Es ist, als seien die Festtage schon wieder eine Ewigkeit her.
Eines Abends während dieser Zeit saß in einer Berliner Kneipe ein zehnjähriges Mädchen. Auf der Leinwand, die direkt vor ihr hing, verloren die Deutschen gegen Italien. Das Mädchen kippte vornüber vom Stuhl, rollte sich zusammen, lag am Boden wie die stachelige Frucht einer Kastanie. Den Kneipengästen ringsum war auch nicht wohl zumute. Alle mussten klarkommen. Biere wurden schal, Zigaretten qualmten stoisch vor sich hin. Plötzlich rief jemand: „Kümmern wir uns um die Kleine da, der geht's doch schlecht!“
Ich erhob mich. Versuchte, ins Innere der Frucht vorzudringen. Es gelang mir nicht. „Hör auf!“, schrie jemand. Ein anderer: „Ist doch wohl klar, dass sie in Ruhe gelassen werden will!“ Es scharte sich eine diskutierende Meute: Bürger unseres Landes, die sich rege bemühten, ein Mädchen zu verstehen, das sie gar nicht kannten. Ich war die Mutter. Gewöhnlich überlässt man es mir ganz allein, mich um mein Kind zu sorgen. Plötzlich war es so etwas wie unser aller Kind. Hockte inmitten von Anteilnahme. Zusammengerollt zwar. Jedoch das barmherzige Deutschland verstand sehr wohl, welch Leid es auf diese Weise nach Außen kehrte.
Warum haben wir die Fußball-Weltmeisterschaft wehmütig in Erinnerung wie ein Weihnachtsfest?
Erstens, weil es eine gute Zeit war. Auf den Straßen liefen viele Menschen in verschiedene Richtungen und waren doch irgendwie gemeinsam unterwegs. Blicke trafen sich, direkt von Mensch zu Mensch. Diese Blicke fragten: Und, wie läuft die Sache für dich so?

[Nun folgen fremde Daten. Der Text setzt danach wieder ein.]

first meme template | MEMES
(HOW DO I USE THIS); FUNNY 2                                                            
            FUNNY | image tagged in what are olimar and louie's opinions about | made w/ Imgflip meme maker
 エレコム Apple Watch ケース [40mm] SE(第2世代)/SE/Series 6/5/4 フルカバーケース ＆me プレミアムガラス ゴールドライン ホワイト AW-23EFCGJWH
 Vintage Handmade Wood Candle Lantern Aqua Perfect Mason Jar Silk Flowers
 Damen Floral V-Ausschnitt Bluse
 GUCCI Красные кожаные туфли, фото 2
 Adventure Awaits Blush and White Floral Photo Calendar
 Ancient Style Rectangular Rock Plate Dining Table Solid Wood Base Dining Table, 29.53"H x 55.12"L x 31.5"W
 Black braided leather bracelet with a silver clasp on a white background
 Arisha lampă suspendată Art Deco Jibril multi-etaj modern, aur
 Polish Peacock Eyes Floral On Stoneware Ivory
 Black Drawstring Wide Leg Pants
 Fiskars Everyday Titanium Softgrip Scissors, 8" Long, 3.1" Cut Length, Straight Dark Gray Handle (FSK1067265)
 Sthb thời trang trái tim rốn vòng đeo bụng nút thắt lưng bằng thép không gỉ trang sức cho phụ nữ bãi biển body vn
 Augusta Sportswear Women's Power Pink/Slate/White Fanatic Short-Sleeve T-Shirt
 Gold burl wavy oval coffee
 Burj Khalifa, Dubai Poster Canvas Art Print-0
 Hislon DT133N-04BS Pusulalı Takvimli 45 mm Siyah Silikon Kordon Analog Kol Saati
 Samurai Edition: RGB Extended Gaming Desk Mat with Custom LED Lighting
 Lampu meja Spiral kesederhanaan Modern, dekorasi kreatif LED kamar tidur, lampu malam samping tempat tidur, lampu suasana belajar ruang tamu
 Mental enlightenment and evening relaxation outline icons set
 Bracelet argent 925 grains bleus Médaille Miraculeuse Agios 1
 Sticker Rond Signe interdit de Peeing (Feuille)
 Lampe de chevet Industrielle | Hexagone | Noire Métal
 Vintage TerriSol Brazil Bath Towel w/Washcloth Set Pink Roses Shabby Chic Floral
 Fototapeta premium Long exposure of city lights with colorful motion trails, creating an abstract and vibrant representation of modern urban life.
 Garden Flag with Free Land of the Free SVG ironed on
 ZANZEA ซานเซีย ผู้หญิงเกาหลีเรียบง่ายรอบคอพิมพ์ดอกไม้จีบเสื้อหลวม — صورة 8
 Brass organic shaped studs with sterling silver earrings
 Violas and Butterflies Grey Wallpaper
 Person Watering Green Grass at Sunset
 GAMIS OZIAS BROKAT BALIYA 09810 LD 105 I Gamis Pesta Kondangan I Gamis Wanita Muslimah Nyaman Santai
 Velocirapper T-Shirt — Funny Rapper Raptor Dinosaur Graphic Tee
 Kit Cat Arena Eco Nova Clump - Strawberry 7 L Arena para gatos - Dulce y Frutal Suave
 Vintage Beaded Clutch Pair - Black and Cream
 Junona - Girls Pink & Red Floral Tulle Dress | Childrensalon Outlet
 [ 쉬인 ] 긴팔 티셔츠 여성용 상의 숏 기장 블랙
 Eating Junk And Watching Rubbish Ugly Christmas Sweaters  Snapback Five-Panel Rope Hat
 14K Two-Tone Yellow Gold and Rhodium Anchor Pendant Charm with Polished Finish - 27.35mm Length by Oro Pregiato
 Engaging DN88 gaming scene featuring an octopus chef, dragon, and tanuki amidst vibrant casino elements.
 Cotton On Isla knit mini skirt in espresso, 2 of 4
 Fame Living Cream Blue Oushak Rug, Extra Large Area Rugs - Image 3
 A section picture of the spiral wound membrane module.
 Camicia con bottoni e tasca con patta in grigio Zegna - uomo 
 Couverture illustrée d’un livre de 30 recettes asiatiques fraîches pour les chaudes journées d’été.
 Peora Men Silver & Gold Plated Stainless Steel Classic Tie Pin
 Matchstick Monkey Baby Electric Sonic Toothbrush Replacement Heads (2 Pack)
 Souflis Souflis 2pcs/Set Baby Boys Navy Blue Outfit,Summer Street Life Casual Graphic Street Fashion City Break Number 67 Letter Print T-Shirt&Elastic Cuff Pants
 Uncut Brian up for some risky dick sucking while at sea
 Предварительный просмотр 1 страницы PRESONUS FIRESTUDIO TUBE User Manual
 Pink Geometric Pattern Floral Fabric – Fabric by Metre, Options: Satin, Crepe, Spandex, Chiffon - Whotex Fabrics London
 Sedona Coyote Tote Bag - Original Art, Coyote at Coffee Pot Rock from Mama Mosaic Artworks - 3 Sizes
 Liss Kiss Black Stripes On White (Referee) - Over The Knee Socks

Zweitens. Wir sangen gemeinsam Lieder. Wer keine Stimme, keinen Mut, keine Eintrittskarte oder keine Ahnung hatte, durfte trotzdem mitsingen. In unserem Chor waren alle absolut verschieden, jeder wichtig auf seine Weise. So wie die Männer auf dem Rasen. Wir konnten uns ganz getrost wie Lukas Podolski benehmen: die vergebenen Chancen vergessen und die nächsten Chancen nutzen.
Und Drittens? Weil es mit alldem schlagartig wieder vorbei war.
Der Herbst kam. Wir waren immer noch unterwegs, jeder auf seine Weise. Als Hauptschüler oder gesetzlich Versicherter. Alleinerziehend, voll beschäftigt, besser verdienend. In der Arbeitslosigkeit, im Niedriglohnsektor, im Prekariat. Wir waren kein großer Chor mehr, sondern zählten wieder jeder zu einer Menschengruppe. Jede Gruppe hatte einen kleinsten gemeinsamen Nenner, und der war nicht selten auf mangelnde Chancen zurückzuführen. Wir grinsten nicht mehr breit wie Lukas Podolski.
Wir beschwerten uns wieder. Wenn man mit dem Kinderwagen an einer Treppe auf Hilfe wartet, packt keiner mit an! In der U-Bahn treten nicht alle Fahrgäste richtig in den Gang durch! Kaum noch einer stellt sich im Laden ordnungsgemäß von rechts an! Auf dem Amt versteht man uns nicht! Politiker haben keine Ahnung davon, wie es im Leben wirklich zugeht! Der normale Bürger hat sowieso nichts zu sagen!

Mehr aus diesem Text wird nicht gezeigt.